Le ministre en charge du secteur regrette cette fermeture soudaine, mais il estime que le Pays n’a pas failli dans ses missions. « Dire que le Pays n’est jamais venu en soutien, ce n’est pas vrai. Ils ont toujours été accompagnés par la Direction des Ressources Marines, en particulier au niveau technique et scientifique, mais également au niveau de la fourniture de bassins et de filets de protection. Ils ont aussi eu une aide de développement aquacole à hauteur de plus de 5 millions de francs », indique Taivini Teai.
Il n’en demeure pas moins que le gérant est aujourd’hui asphyxié par les dettes qu’il estime « à plus de 60 millions de francs ». Il a donc ouvert une cagnotte en ligne pour que « des âmes charitables » lui donnent un coup de pouce. « L’investissement a été très lourd par rapport à la rentabilité de l’entreprise (…) On s’est rendu à l’évidence que, financièrement, on ne pouvait plus tenir », souffle-t-il.
Cette fermeture serait-elle la première d’une longue série ? Pour son concurrent et ami, Teva Siu, plus important producteur de crevettes bleues de Polynésie, la filière est en souffrance.
« C’est une très mauvaise nouvelle (…) Le cas de Toa reflète la santé générale de la filière. Elle traverse une période très difficile (…) On a besoin du soutien du gouvernement pour nous aider à passer ce cap (…) On a des rendements historiquement mauvais », explique-t-il.
L’une des causes avancées est « le manque de production de post-larves ». « Quand tout marche bien, l’écloserie est extrêmement performante, mais quand il y a un souci, il y a un problème de capacité de réaction », ajoute-t-il.
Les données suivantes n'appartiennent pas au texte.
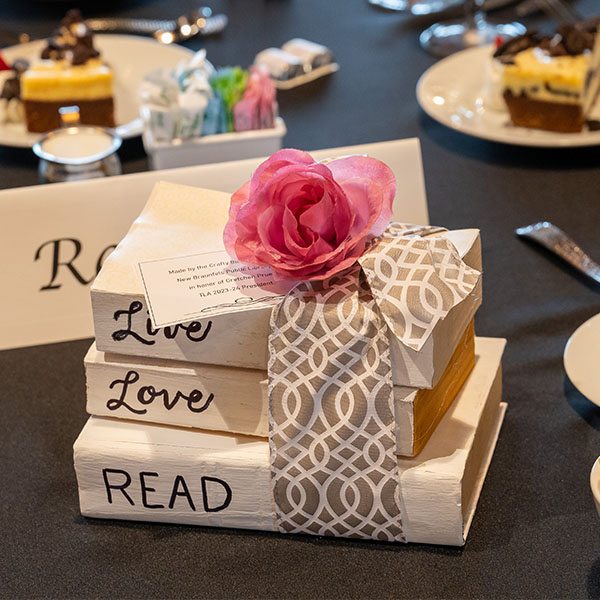 Stack of books on table Speaker at 2024 TLA Annual Conference Opening Awards and Author Luncheon.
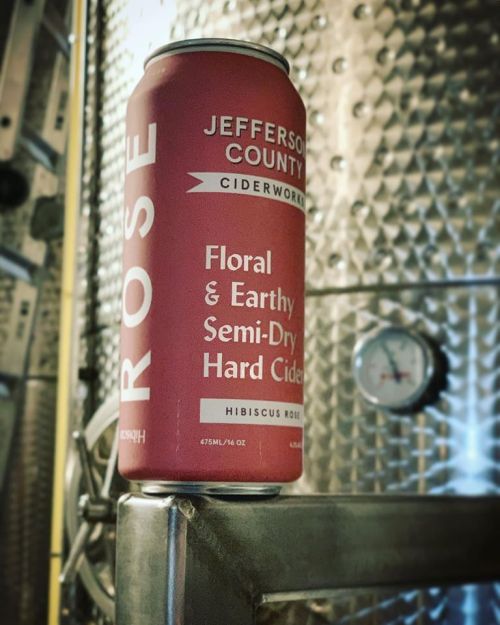 A can of Jefferson County Ciderworks Hibiscus Rose hard cider on a metal surface, with a gauge in the background.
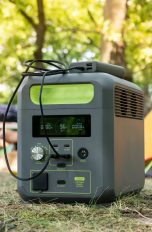 Im Vordergrund steht eine Powerstation. Sie steht im Gras. Im Hintergrund sind Zelte und ein Camping-Stuhl zu sehen.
Les professionnels souhaiteraient qu’une seconde écloserie voit le jour. « Le Pays en est conscient. Après, ce sont des problèmes de financement et de foncier. Tout ça prend du temps. Mais le temps nous pose un problème », conclut Teva Siu.
Toa Vivish, lui, souhaite aujourd’hui passer à autre chose, mais il n’exclut pas, un jour, de revenir à ses premières amours « si les conditions sont réunies ».